Orchid Mantis is an act that just assumes the mantle of the unnassuming. Quietly doing his thing among the twisted parameters of post-punk, jangle-pop and lo-fi, you have to dig as far as his Tumbler blog before finding out his name is Thomas Howard.
Without overtly courting attention, his music is starting to drift slowly into critical focus, with Slovakian cassette label behemoths (yes…there is nearly such a thing) Z Tapes following this cassette release with a vinyl release of his 2018 Kulla Sunset album, after it was selected in a recent fan ‘what vinyl do you fancy’ poll by label fans.
This album merely accentuate the reason for such a growing appeal. Essentially, Howard has ‘twang’ and knows exactly how, when and why, to use it with the tracks imbued with the most obvious/traditional of beauty, like Within and Apart, Never Know Why and Even In Dreams.
These provide spacious, slightly gaze inflected, obvious melodies, that draw the listener in to their sense of stunning, before sporadically piercing their core with sudden spikes of twanged notes and riffs. It is the atypical musical trick of a man who would hate to let his listeners ‘settle’. It’s possibly his best apposite position.

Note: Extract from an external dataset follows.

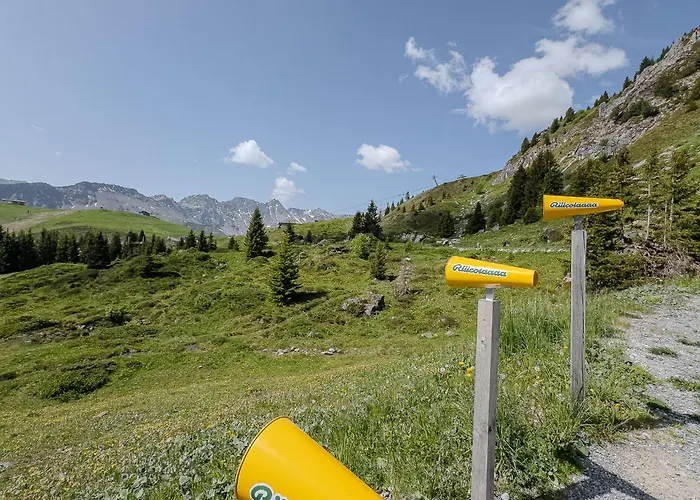 Latschüel By Vacations, Familienwohnung Im Zentrum Mit Privatparkplatz * Arosa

The twang becomes more of a foundation within more desolate isolation of tracks such as Can’t See Anymore, Keswick Park, Tell and Light Beyond (Right Now), that take a jangly post-punk edge and tether everything to dominant, isolated twanging riff(s). It’s a technique used with perfect effect within the Dunedin sound, but somehow this sort of 17 Seconds (The Cure) feel just gives it added credence.
It is perhaps a bit churlish of me to separate the tracks into to the distinct ‘feels’ above. For this is one of those albums that never threatens to step away from a unifying atmosphere that allows the album to flow as if it is one elongated track.
With the spotify generation able to slap, dash and dribble through an album as ifit were merely a collection of singles, it is the need to put all the pieces together that probably means it takes a while for Howard’s music to finally sink in.
However, once it does and the musical jigsaw is completed, it restores total faith in the reason why the concept of ‘the album’ will always survive, even when faced with the terrors of today’s ADHD musical generation.